Excerpted records

* * * * *

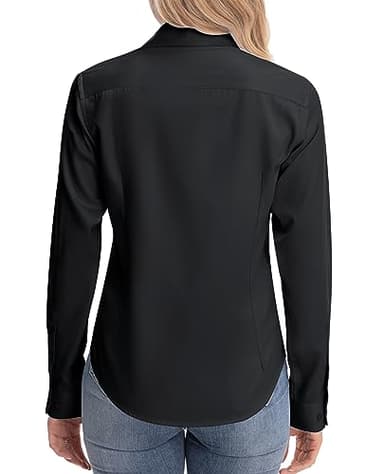 siliteelon Womens Classic-Fit Dress Shirts Long Sleeve Button Down Wrinkle-Free Stretch Solid Casual Work Office Blouse Top Black Small - Image 4
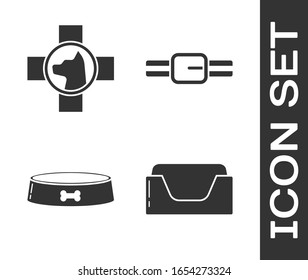 Set Pet bed, Veterinary clinic symbol, Pet food bowl and Collar with name tag icon. Vector
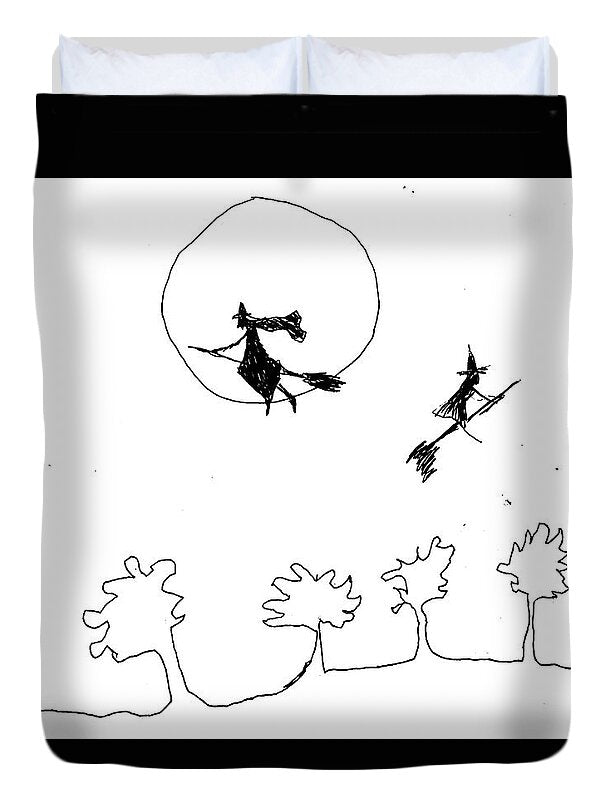 Witches Flying Across the Night Sky - Duvet Cover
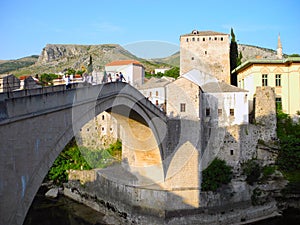 Old Bridge in the city of Mostar.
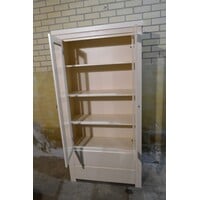 thumb-Vurenhouten vitrinekast met glazen deuren en lades, crème geschilderd-5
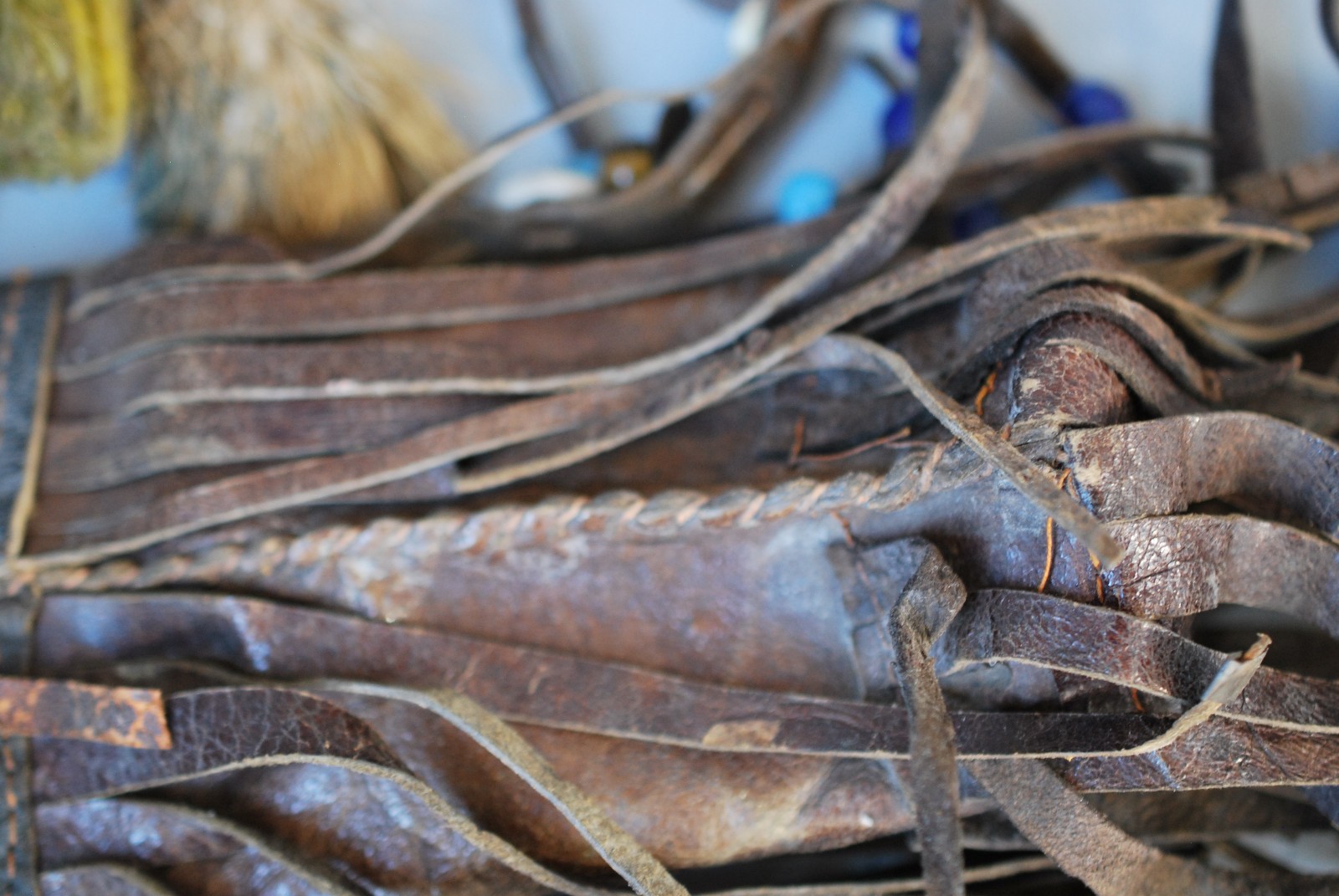 Antique Native Amer Leather Fringed Beads Shells Medicine Charm Bag & Contents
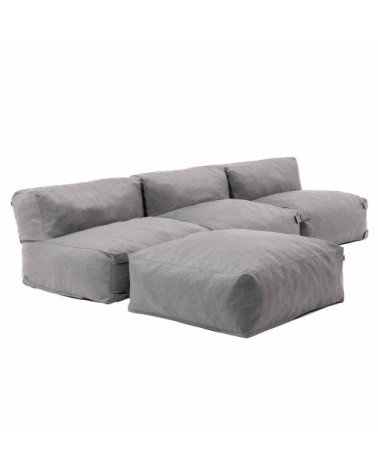 Canapé de jardin modulable 4 places gris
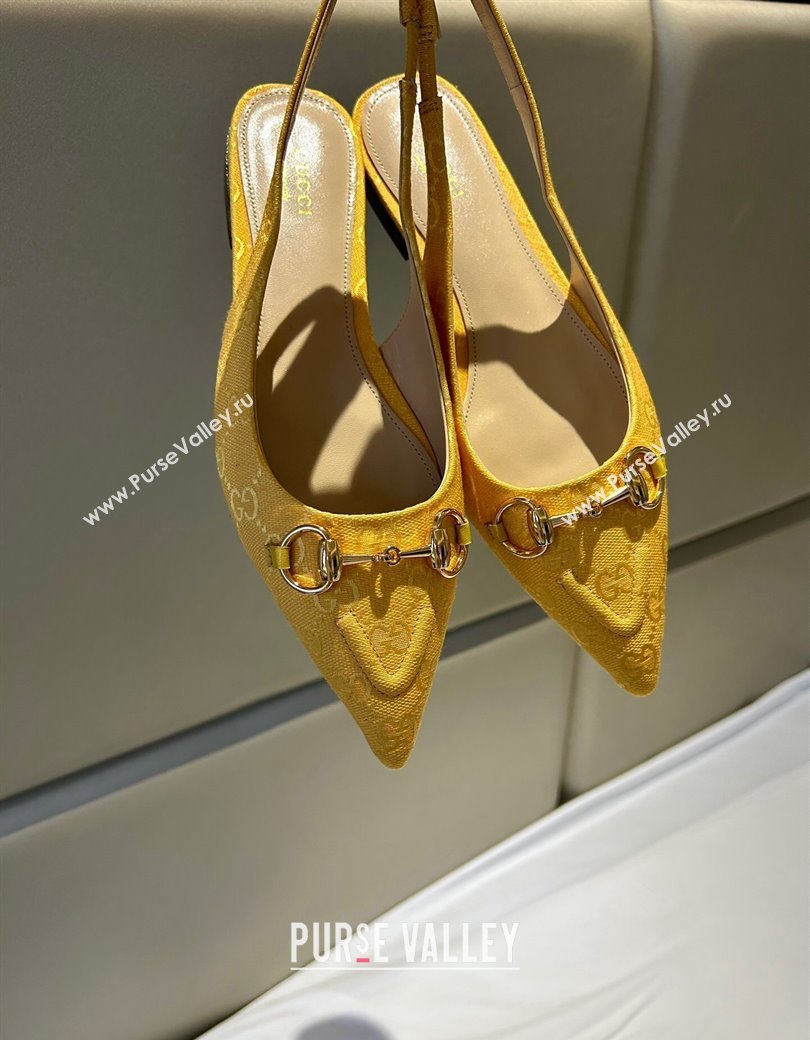 Gucci GG Canvas Slingback Flat with Horsebit Yellow 2024 782627 (MD-241119017)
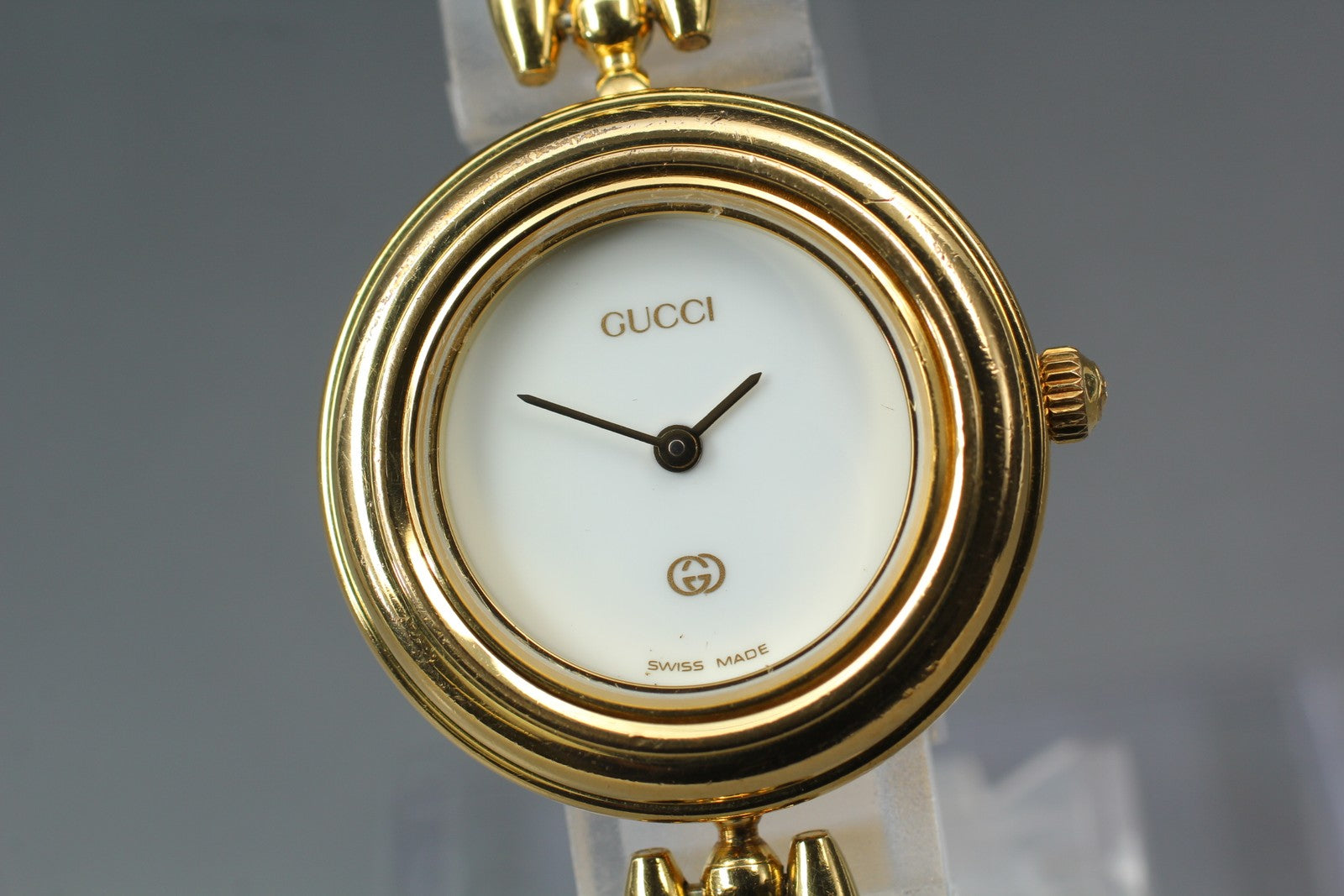 Vintage [Exc+4] Gucci Change Bezel 11/12 5 Colors Gold Bracelet Women's Qz Watch
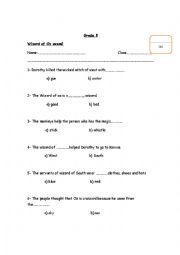 English Worksheet: wizard of oz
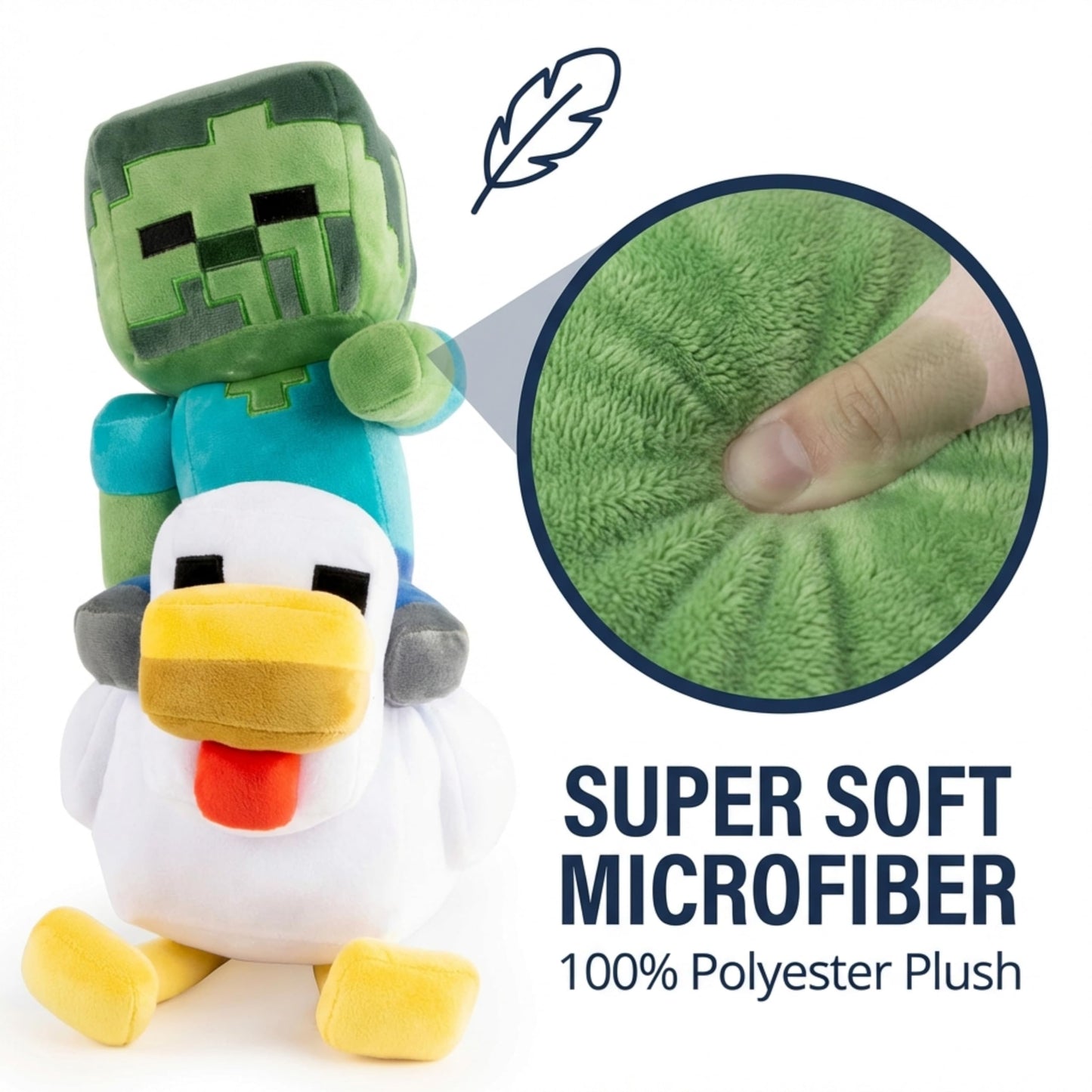 Jay Franco Minecraft Plush Pillow Buddy – 20in Zombie-Chicken Jockey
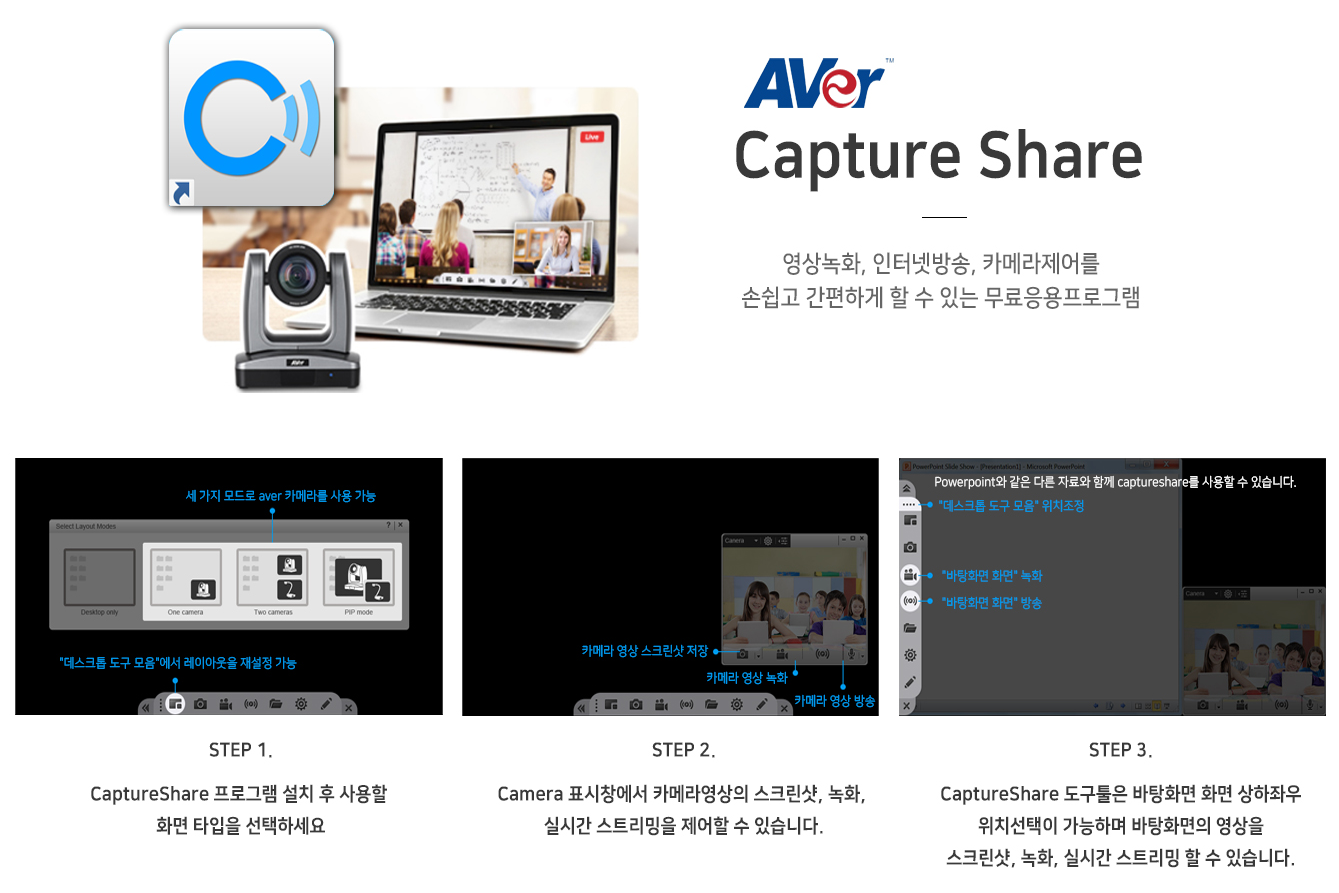 AVer PTC310 캡쳐앤쉐어 안내 이미지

* * * * *

What is required
A word-for-word copy of the records above is needed, pictures excluded.

Solved problem
 siliteelon Womens Classic-Fit Dress Shirts Long Sleeve Button Down Wrinkle-Free Stretch Solid Casual Work Office Blouse Top Black Small - Image 4
 Set Pet bed, Veterinary clinic symbol, Pet food bowl and Collar with name tag icon. Vector
 Witches Flying Across the Night Sky - Duvet Cover
 Old Bridge in the city of Mostar.
 thumb-Vurenhouten vitrinekast met glazen deuren en lades, crème geschilderd-5
 Antique Native Amer Leather Fringed Beads Shells Medicine Charm Bag & Contents
 Canapé de jardin modulable 4 places gris
 Gucci GG Canvas Slingback Flat with Horsebit Yellow 2024 782627 (MD-241119017)
 Vintage [Exc+4] Gucci Change Bezel 11/12 5 Colors Gold Bracelet Women's Qz Watch
 English Worksheet: wizard of oz
 Jay Franco Minecraft Plush Pillow Buddy – 20in Zombie-Chicken Jockey
 AVer PTC310 캡쳐앤쉐어 안내 이미지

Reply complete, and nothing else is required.